Fig. 14 The model plot for the best 12-predictor total curcuminoids model by average prediction error - sensor-2

For this data, we show all replicates fitted. We have found this a useful method for quickly spotting outliers in the spectra replicates. If we look at the average error, we find 0.394 (12-predictors) as compared to 0.361 for the sensor-1 12-predictor model. The weaker resolution (the higher IRF spectral line broadening) made the fitting more challenging and the overall average prediction error is about 10% higher.

Direct Spectral Fit of Component Curcuminoids - Sensor 1

Fig. 15 The model plot for the best 7-predictor BDMC component model by average prediction error - sensor-1

The BDMC fit is weaker. The BIC and MDL suggested little benefit beyond 7-predictors. Here the average prediction error is less, .124%, but the BDMC values range from 0-3%. Clearly there are certain turmeric samples where the model is struggling.

Fig. 16 The model plot for the best 11-predictor curcumin component model by average prediction error - sensor-1

The curcumin component fit is better. The BIC and MDL optimized to 11 predictors. The average prediction error is .277%, with the curcumin ranging up to 8%.

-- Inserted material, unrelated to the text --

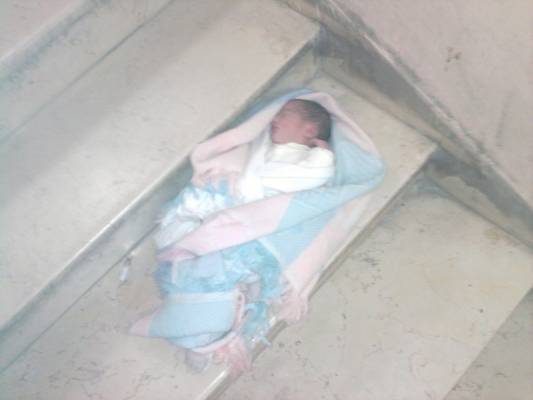 أردني يفاجأ بوجود لقيط في سيارته بعبدون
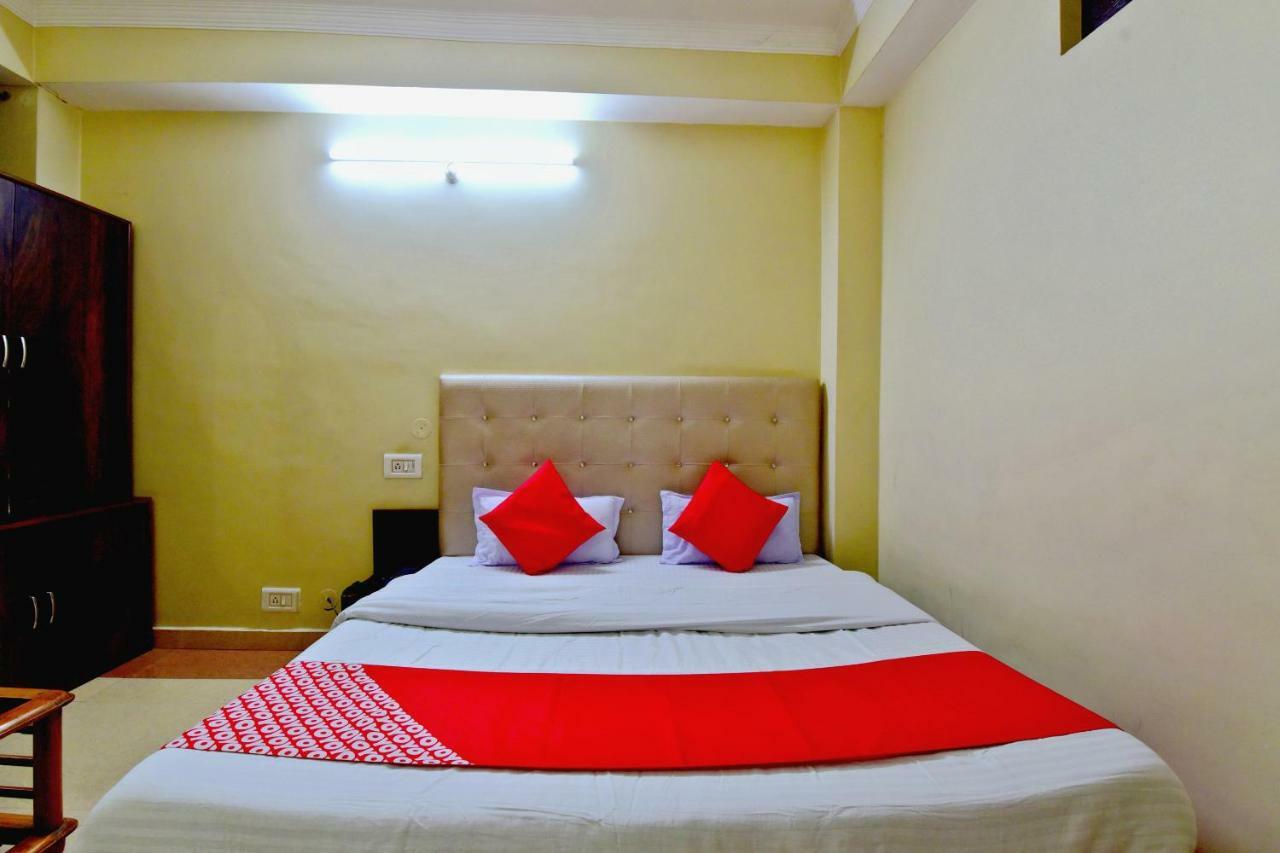 Oyo 26909 Hotel Paras Mandi Buitenkant foto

Fig. 16 The model plot for the best 9-predictor DMC component model by average prediction error - sensor-1

The DMC component fit is actually quite good. The BIC and MDL optimized to 9 predictors. The average prediction error is .117%, with the DMC ranging up to 4%.

Spectral Modeling

We hope these spectral modeling white papers have offered a beneficial illustration of building US-VIS and NIR models using direct spectral modeling.